Pressure piles on Malta as BBC reports Steven Marsden’s case


Three months after being raised by MaltaToday, the case of Steven Marsden – a British national held in prison for two years after being wrongly accused of importing ecstasy pills – has been taken up by the British national broadcaster, the BBC.
It was hailed by the Maltese police as the largest ever ecstasy haul but only two months later laboratory studies showed the pills were a legal ecstasy substitute.
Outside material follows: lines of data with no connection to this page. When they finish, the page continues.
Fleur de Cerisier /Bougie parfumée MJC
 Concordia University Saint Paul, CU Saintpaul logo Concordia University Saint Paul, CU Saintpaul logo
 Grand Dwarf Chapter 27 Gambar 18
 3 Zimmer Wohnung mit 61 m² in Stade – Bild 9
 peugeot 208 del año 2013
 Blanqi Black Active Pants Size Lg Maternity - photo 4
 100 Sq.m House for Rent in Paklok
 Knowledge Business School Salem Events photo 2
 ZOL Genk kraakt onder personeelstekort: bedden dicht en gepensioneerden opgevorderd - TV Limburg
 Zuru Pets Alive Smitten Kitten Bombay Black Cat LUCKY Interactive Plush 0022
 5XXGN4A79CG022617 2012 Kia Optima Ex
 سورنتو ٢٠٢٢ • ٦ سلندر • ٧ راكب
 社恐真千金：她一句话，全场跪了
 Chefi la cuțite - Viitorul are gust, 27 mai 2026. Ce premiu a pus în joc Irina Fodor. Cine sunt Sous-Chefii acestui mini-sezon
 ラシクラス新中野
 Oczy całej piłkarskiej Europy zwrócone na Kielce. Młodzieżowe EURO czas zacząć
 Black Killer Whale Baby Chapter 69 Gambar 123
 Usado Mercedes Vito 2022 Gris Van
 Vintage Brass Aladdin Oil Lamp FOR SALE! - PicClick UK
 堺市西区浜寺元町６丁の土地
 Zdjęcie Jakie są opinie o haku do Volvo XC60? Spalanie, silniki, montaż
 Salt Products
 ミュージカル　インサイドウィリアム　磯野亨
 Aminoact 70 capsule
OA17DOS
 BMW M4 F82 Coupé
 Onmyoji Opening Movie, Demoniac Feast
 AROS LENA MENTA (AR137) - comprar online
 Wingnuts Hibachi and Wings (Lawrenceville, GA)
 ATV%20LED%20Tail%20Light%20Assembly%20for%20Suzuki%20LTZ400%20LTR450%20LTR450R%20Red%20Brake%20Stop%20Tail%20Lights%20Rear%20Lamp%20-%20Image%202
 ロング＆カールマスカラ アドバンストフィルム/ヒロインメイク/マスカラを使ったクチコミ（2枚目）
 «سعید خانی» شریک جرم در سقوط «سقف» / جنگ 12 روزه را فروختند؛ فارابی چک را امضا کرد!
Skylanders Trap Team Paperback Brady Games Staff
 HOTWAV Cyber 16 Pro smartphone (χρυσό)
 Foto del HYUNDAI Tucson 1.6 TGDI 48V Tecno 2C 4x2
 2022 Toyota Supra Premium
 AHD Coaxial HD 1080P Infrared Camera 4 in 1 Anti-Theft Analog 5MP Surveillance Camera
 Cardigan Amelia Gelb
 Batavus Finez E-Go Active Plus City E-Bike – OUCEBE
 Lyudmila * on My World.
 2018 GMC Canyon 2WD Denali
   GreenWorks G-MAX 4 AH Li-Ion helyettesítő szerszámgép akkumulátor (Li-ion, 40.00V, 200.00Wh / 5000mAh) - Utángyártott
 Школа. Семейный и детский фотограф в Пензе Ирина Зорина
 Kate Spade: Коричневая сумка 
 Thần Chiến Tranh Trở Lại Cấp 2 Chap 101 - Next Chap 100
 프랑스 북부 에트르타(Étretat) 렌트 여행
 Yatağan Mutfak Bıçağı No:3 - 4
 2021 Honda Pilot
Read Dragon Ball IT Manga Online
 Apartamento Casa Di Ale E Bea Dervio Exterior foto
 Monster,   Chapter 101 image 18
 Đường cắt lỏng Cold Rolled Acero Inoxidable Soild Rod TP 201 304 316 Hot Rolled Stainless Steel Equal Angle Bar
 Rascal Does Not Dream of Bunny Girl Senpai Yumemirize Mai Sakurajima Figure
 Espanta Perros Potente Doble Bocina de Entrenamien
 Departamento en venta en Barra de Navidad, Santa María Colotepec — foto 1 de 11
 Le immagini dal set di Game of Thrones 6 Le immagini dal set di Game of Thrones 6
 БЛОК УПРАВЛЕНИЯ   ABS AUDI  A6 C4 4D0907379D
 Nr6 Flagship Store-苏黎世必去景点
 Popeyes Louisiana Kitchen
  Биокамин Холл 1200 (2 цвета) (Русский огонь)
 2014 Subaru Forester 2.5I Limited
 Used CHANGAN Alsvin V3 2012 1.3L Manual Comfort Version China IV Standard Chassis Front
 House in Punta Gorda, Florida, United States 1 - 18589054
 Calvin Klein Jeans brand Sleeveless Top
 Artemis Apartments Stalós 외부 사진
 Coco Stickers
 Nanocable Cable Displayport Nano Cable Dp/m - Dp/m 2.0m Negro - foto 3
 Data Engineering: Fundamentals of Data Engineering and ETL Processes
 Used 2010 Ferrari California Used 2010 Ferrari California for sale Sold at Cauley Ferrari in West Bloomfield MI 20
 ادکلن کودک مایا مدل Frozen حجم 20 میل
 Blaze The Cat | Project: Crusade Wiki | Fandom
But two years later, Steven Marsden is languishing in prison.
The case was first brought to the attention of the Maltese media on 22 June, when MaltaToday reported that Fair Trial International – a charity defending the rights of those facing charges in a country other than their own – denounced the Maltese authorities for pursuing this case despite Steven Marsden having committed no offence under Maltese law.
Despite questions sent by MaltaToday, there was no official reaction from the Attorney General’s office on the serious allegations made by the British charity.
But pressure is mounting on the Maltese government after the British national broadcaster took up Steven Marsden’s case in a news feature screened on Wednesday.
“It’s a beautiful holiday island but for Steven Marsden it’s been his prison for two years”
Despite evidence showing that Marsden was not importing illegal drugs, “there is no sign, no bail and no release,” reported BBC newscaster Sally Challoner.
Steven Marsden’s daughter Emma Bartholomew promised that “No matter how long it takes or what I have to do, I won’t stop until my father is released from this horrible place.”
Lawyer Joe Brincat who was also interviewed by BBC described the case a travesty of justice and announced that he will present a case in the European Court of human rights.
“I have been practising in the criminal courts for the last 38 years and Mr Marsden’s case is a parody of justice,” Brincat said.
The British national was wrongly accused of importing “the largest ever ecstasy haul” in Malta who has been detained in prison despite evidence showing that the 50,000 pills were not illegal in Malta at the time.
According to Fair Trails International the Maltese authorities “are desperate to secure a conviction for something at any cost,” FTI claimed.
FTI claims the pills did not contain MDMA, the chemical found in ecstasy. “The pills are in fact called mCPP and sold as an ecstasy substitute of sorts, but contain nothing unlawful under Maltese law”.
MCCP was not illegal in Malta when Marsden was apprehended but the chemical was outlawed in May 2007 through a legal notice. Metachlorophenylpiperazine (mCPP) is a psychoactive substance that appeared in 2004 on the black market of illicit substances in France and other European countries.
The substance had very limited success among partygoers because it is reputed to induce headaches but there is little evidence of long term damage caused by the drug.
Although still legal in most European countries and the USA, the substance was recently banned in Denmark and Belgium.
On June 9 the law courts rejected Marsden’s plea to nullify charges brought against him because the imported pills were not illegal at the time. The defence argued that since the imported pills were not against the law, there could be no charge of trafficking. But the court decreed that this was “a convoluted way of reasoning.”
“Even if the accused is correct in stating that the actual importation did not involve prohibited drugs, this does not debar the Attorney General from charging the accused with conspiracy on the basis of other evidence, independently of what was the subject matter of the actual importation,” a judgement handed down by the criminal court in June states.
Bail was initially granted in July 2006 but then revoked on application by the Attorney General and has since been repeatedly denied on the grounds that Marsden might try to abscond and that the charges against him are serious. The international lobby claims that the prosecution has continually postponed court proceedings, thus keeping Steven Marsden in prison for nearly two years while trial dates have been cancelled.